Fifteen minutes until my shift ends, and it can’t come soon enough. My feet ache from being on them for the past ten hours—it doesn’t seem like any pair of sneakers is comfortable enough to keep them from hurting after almost two years of this. My hair reeks of grease. I’m pretty sure the smell is coming from my pores, too. Just another day at the diner.
My books are spread open in the back corner booth—the one we use for prep work and breaks. A calculus exam looms over me, and I wish it didn’t. Math has never been my strong suit, and calculus might as well be written in hieroglyphics. I can’t seem to crack the code, but I need these credits if I’m ever going to graduate. It’s bad enough I’m already graduating years after everyone else my age since I can only afford to take classes part-time.
“Ready for your exam?” Tess, one of the diner’s old-timers, winks as she hauls a tub of plates and glasses back to the kitchen.
“I could study for another month and still not be ready.” I rub my eyes but resist sitting down; I know I won’t get back up if I do. Today’s shift has been nonstop. Usually, the rush settles between lunch and dinner, but not today. Now it’s almost nine, and things have finally calmed.
“I can’t imagine how I’d survive a full course load,” I add.
“You could, you know,” Tess says, setting the tub down. “You don’t have to be so stubborn.”
This again. I hold back an eye-roll, mostly because I like Tess. She’s been like a mentor since I started here, and I’d have drowned in the chaos of diner life without her. Still, there’s a lot she doesn’t know about me, and I remind myself of that before I respond.
“I’m not going to let them take out a loan for me.”
“They’re your parents,” she says gently.
“Foster,” I correct, hating how bitter the word tastes. “And I wouldn’t ask biological parents to do that, either. It’s a scam. They’d be paying it off until they die, and they don’t deserve that.”
Tess comes over and places a hand on my shoulder. “They want to. It’s a parent’s privilege. And you’re like a gift to them. They’ve wanted kids for so long.”
I know she’s right. Pam and Hank are in their sixties and couldn’t have kids of their own. For three years, they’ve treated me like the daughter they never had. I love them like they raised me from birth. That’s why I can’t let them take on debt for me. They’ve already given me so much. But Tess doesn’t need to hear all that. She doesn’t know how bad things were before the Hendersons. That’s the thing about growing up like I did—you learn to filter what you tell people.

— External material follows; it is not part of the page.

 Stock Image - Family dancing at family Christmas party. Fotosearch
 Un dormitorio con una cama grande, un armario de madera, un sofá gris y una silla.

There’s nothing worse than seeing someone’s face glaze over when you overshare. It’s mortifying.
“I’ll think about it,” I say, lying to end the conversation. A glance at the clock tells me I’ve got ten minutes left before I can finally leave, scrub the smell of grease from my skin, and dive back into studying.
The bell over the front door jingles, and I’m about to tell Tess she can take this one when I look up and freeze.

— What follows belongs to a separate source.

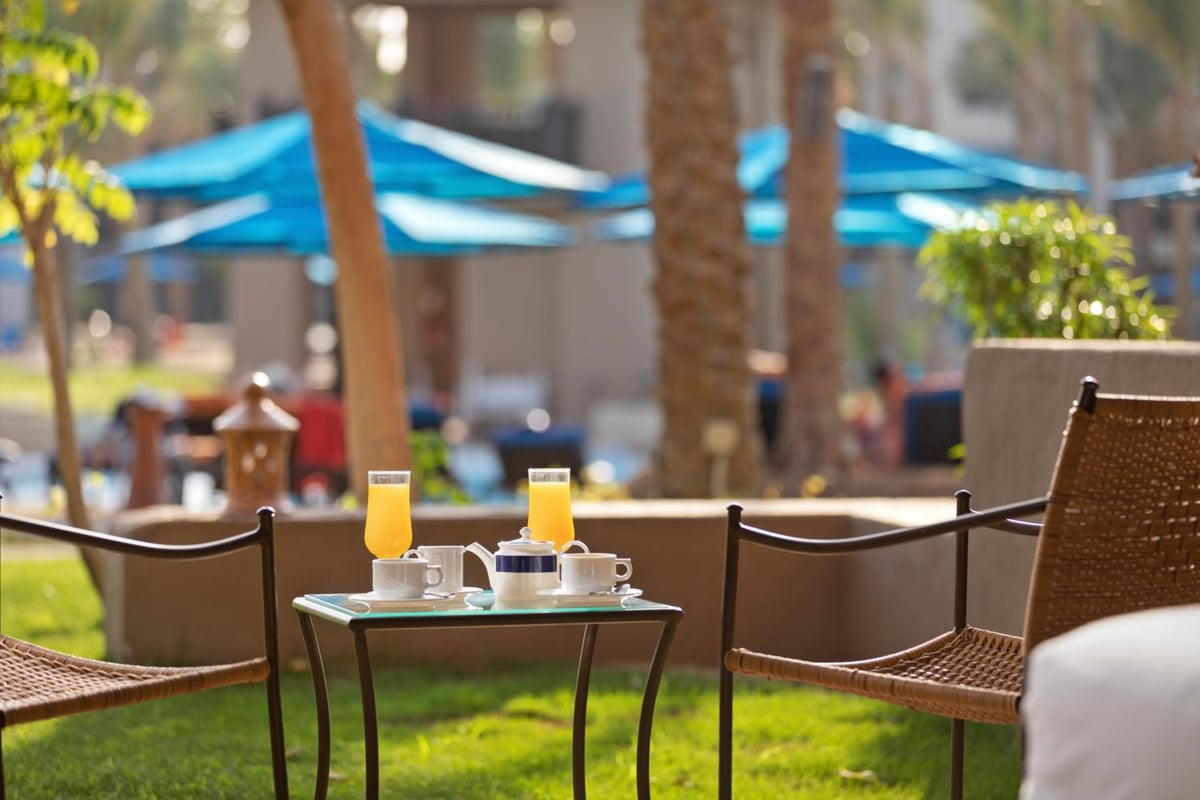 Pickalbatros Sands Port Ghalib garden seating with wicker chairs and blue umbrellas.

It takes a moment to process who just walked in, like my brain refuses to accept what my eyes see. Everything in me wants to pretend it’s not him, to turn away and hope he doesn’t notice me. Last I heard, he was breathing prison air. I didn’t think he’d be out for another two years at least. Maybe he played nice behind bars, even if he never did outside.

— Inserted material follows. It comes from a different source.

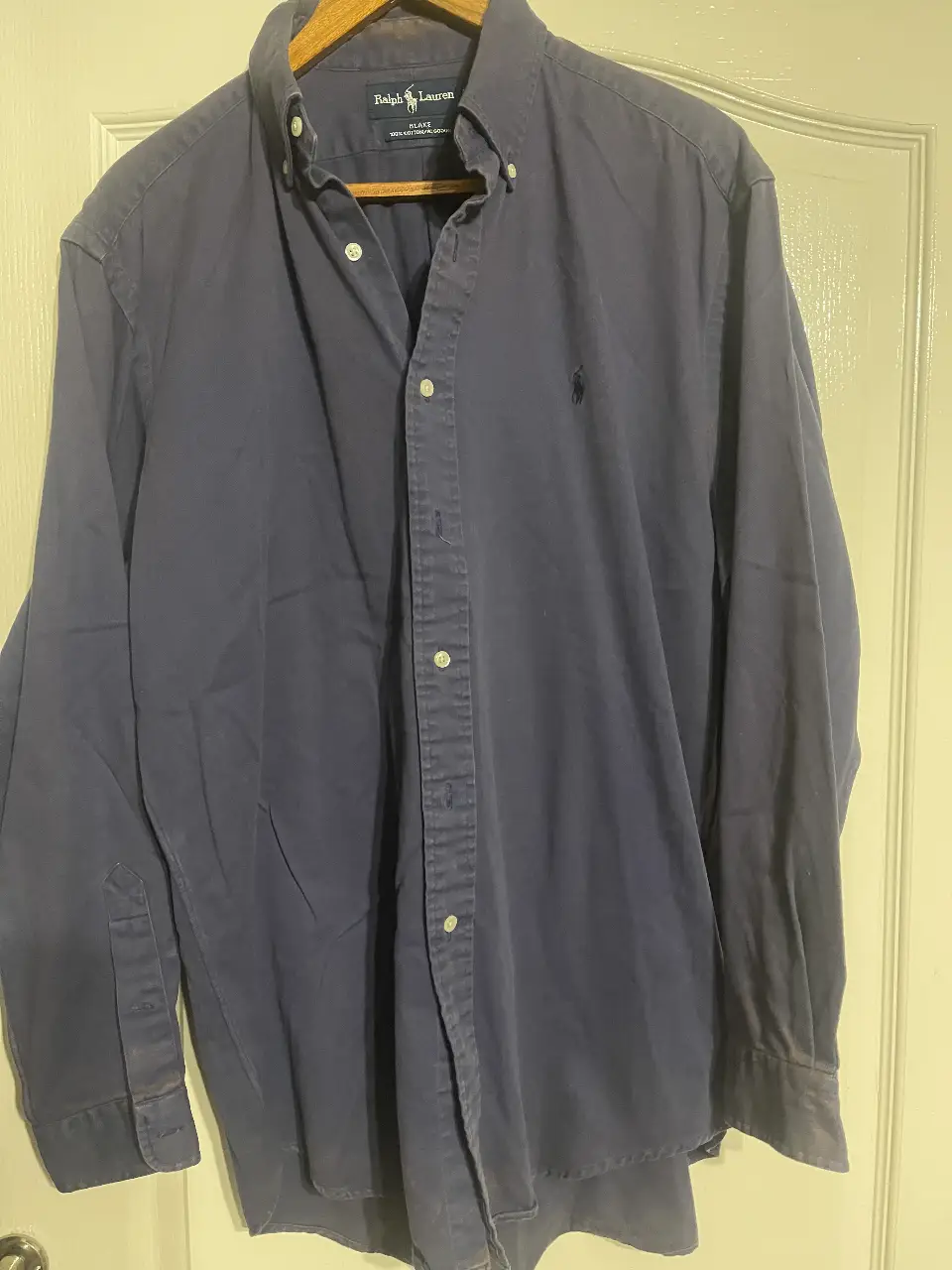 Camisa Ralph Lauren manga larga, color azul, corte clásico, ideal para un look casual y cómodo.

I duck my head and slide into the booth, praying this is some cruel coincidence. He wouldn’t be dumb enough to come after me while on parole. Would he? Then again, what do I know? He might’ve spent three years fantasizing about what he’d do to me once he was free. Three years is a long time to plot. Plan. Dream.
Like it’s my fault he used me as his punching bag.
What was I supposed to do? Stay silent? Let him beat me to death one night when he stumbled home drunk and pissed at the world? He didn’t need a reason to be angry—an overcooked steak, dishes in the sink, a ball game rained out—it all set him off. He was zero-to-sixty, no warning.
A sixteen-year-old doesn’t confess that kind of thing lightly. It took months of sleepless nights before I finally told Mrs. Jones, my social worker. I was terrified he’d find out and finish the job.